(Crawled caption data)
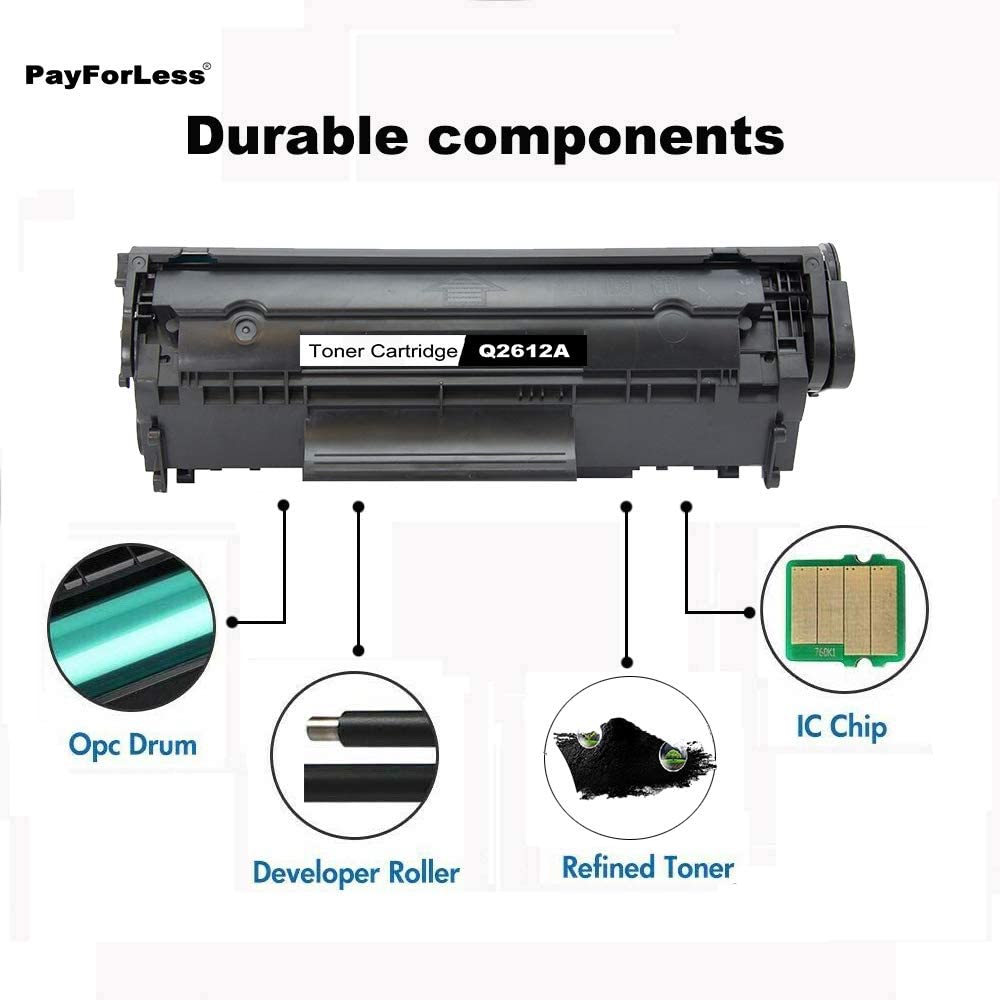 PayForLess® 4PK Q2612A Compatible HP 12A for HP Laserjet 1018 3015 1020  3050 3055 3020 3030 3052 M1005 1012 MFP M1319 | Walmart Canada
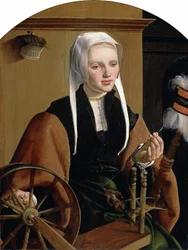 Tyska: Weibliches Bildnis, Anna Codde Porträtt av (möjligen) Anna Codde, hustru till Pieter Gerritsz Bicker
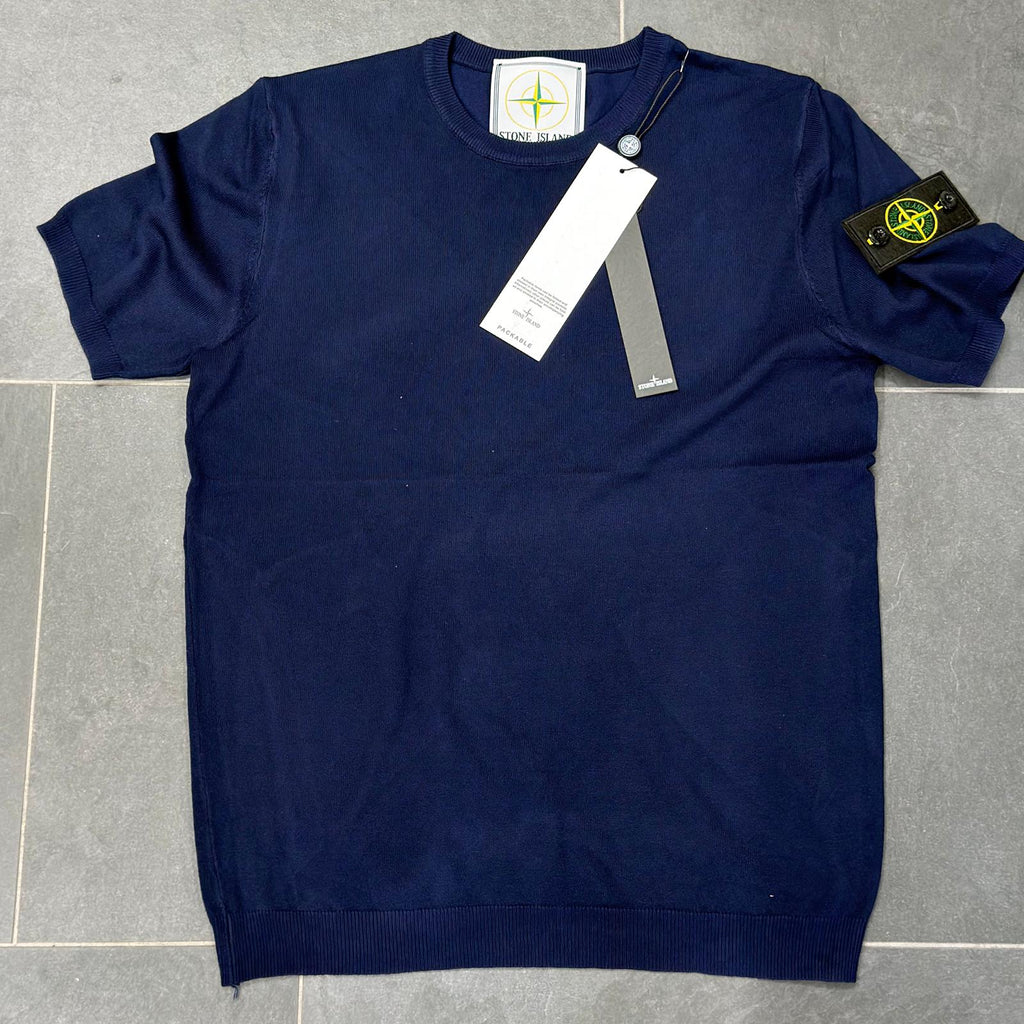 STONE ISLAND FADENPULLOVER BLAU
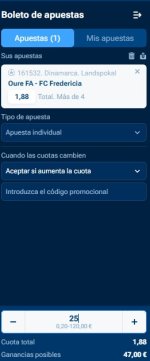 Captura de cuota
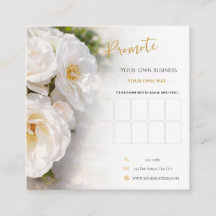 Carte de fidélité Rose Élégante pour Entreprise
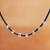 Silver flower necklace, 'Hill Tribe Fortunes' - Braided Cord and Silver Necklace (image p174236) thumbail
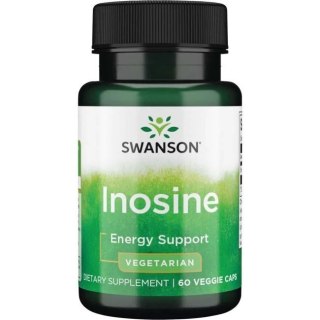 SWANSON Inosine 500mg, 60kaps. - Inozyna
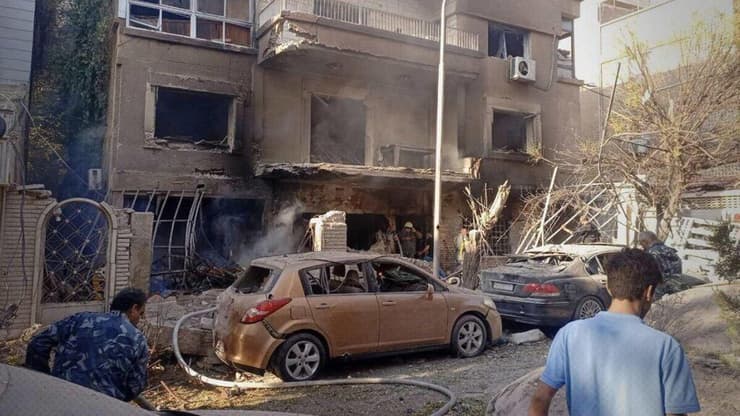 תקיפה ישראלית באזור אל-מזה בדמשק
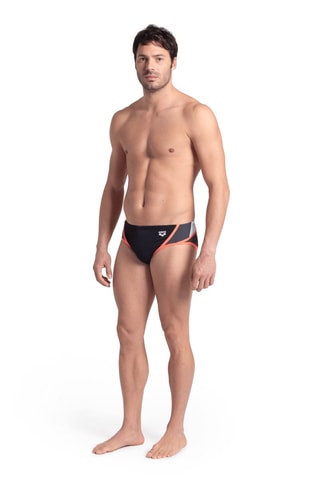Slip de bain Icons - Noir et anthracite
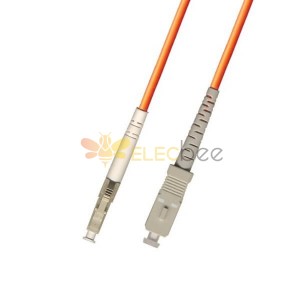 Discount Fiber Optic Cable 3M Multimode Simplex 50/125 LC to SC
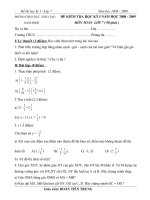 Đề thi kỳ I / 08-09 Lớp 7 Nam định ( MỚI)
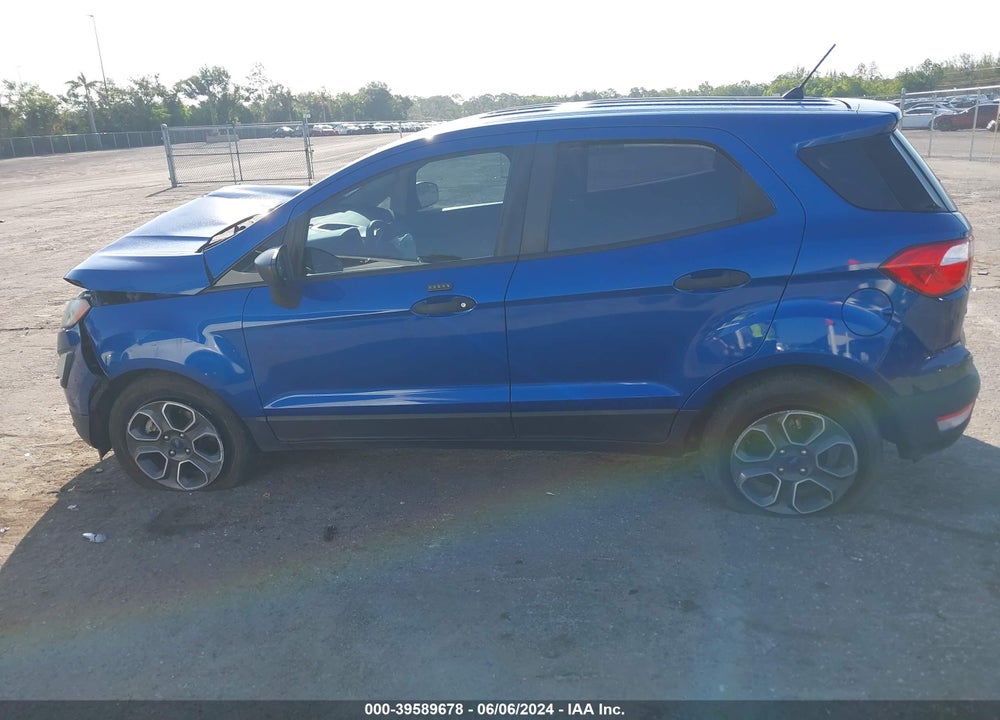2019 FORD ECOSPORT S VIN: MAJ3S2FE9KC294625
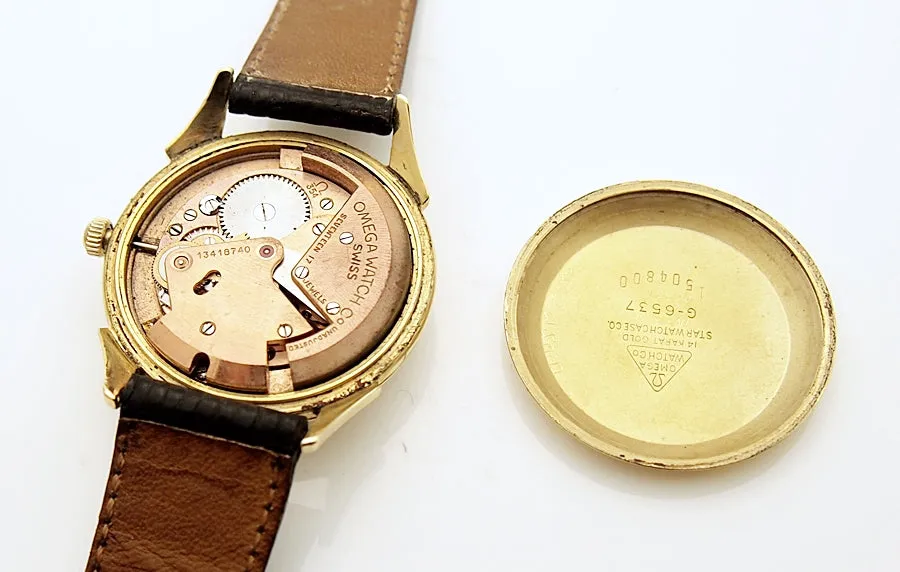 Estate Vintage 14k Omega Men's Watch G6537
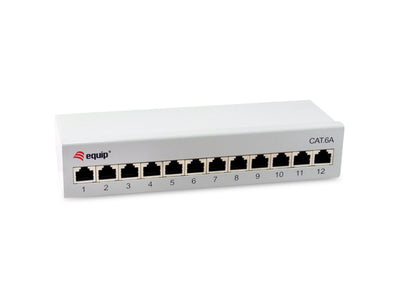 Equip Patchpanel 12x RJ45 CAT.6A FTP 1HE Premium Grey Claro — image 1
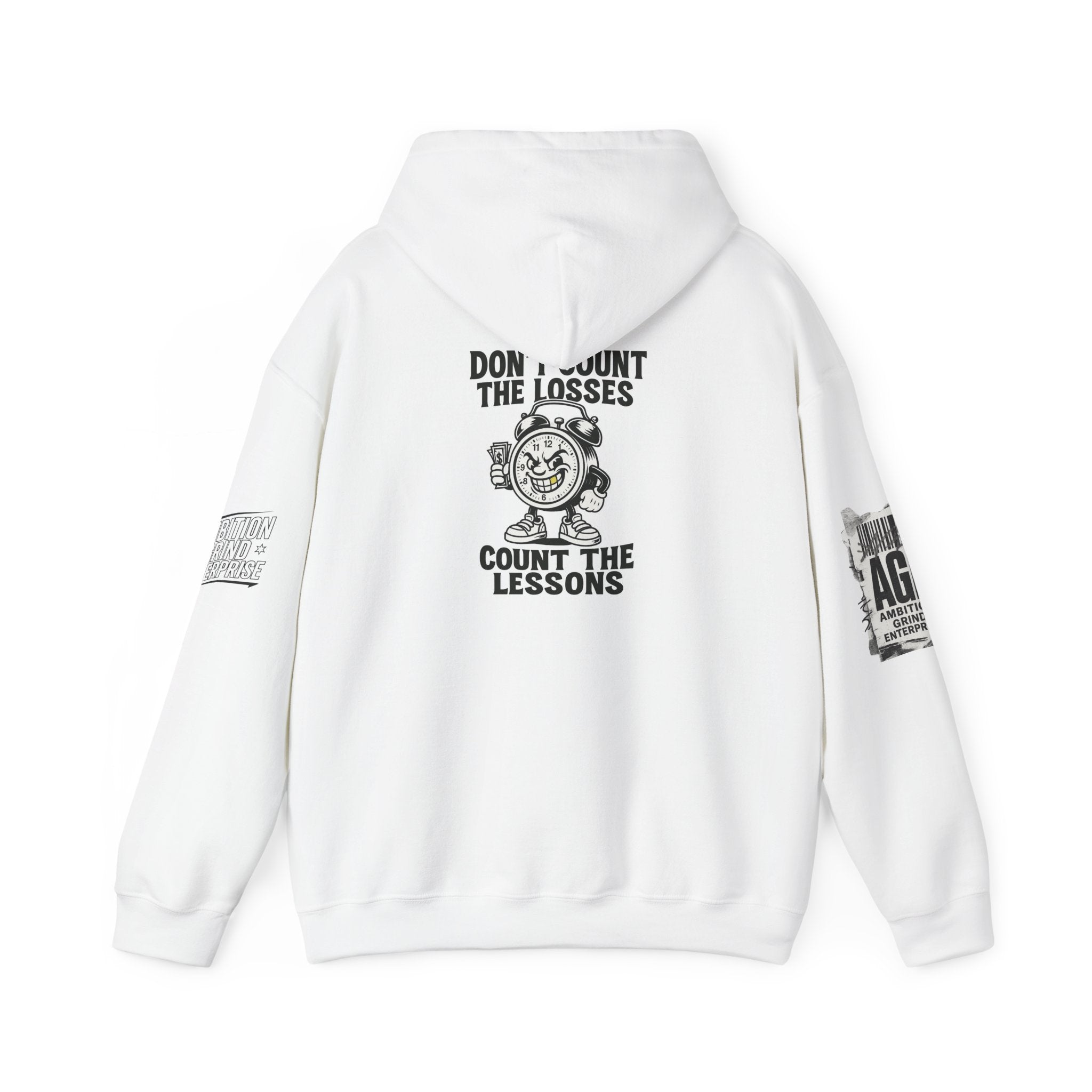 Ambition Grind Enterprise Hoodie | Motivational Graphic Hooded Sweatshirt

> Problem description
Copy the records exactly. Skip the images.

> Task output
 PayForLess® 4PK Q2612A Compatible HP 12A for HP Laserjet 1018 3015 1020  3050 3055 3020 3030 3052 M1005 1012 MFP M1319 | Walmart Canada
 Tyska: Weibliches Bildnis, Anna Codde Porträtt av (möjligen) Anna Codde, hustru till Pieter Gerritsz Bicker
 STONE ISLAND FADENPULLOVER BLAU
 Captura de cuota
 Carte de fidélité Rose Élégante pour Entreprise
 Silver flower necklace, 'Hill Tribe Fortunes' - Braided Cord and Silver Necklace (image p174236) thumbail
 SWANSON Inosine 500mg, 60kaps. - Inozyna
 תקיפה ישראלית באזור אל-מזה בדמשק
Slip de bain Icons - Noir et anthracite
 Discount Fiber Optic Cable 3M Multimode Simplex 50/125 LC to SC
 Đề thi kỳ I / 08-09 Lớp 7 Nam định ( MỚI)
2019 FORD ECOSPORT S VIN: MAJ3S2FE9KC294625
 Estate Vintage 14k Omega Men's Watch G6537
 Equip Patchpanel 12x RJ45 CAT.6A FTP 1HE Premium Grey Claro — image 1
 Ambition Grind Enterprise Hoodie | Motivational Graphic Hooded Sweatshirt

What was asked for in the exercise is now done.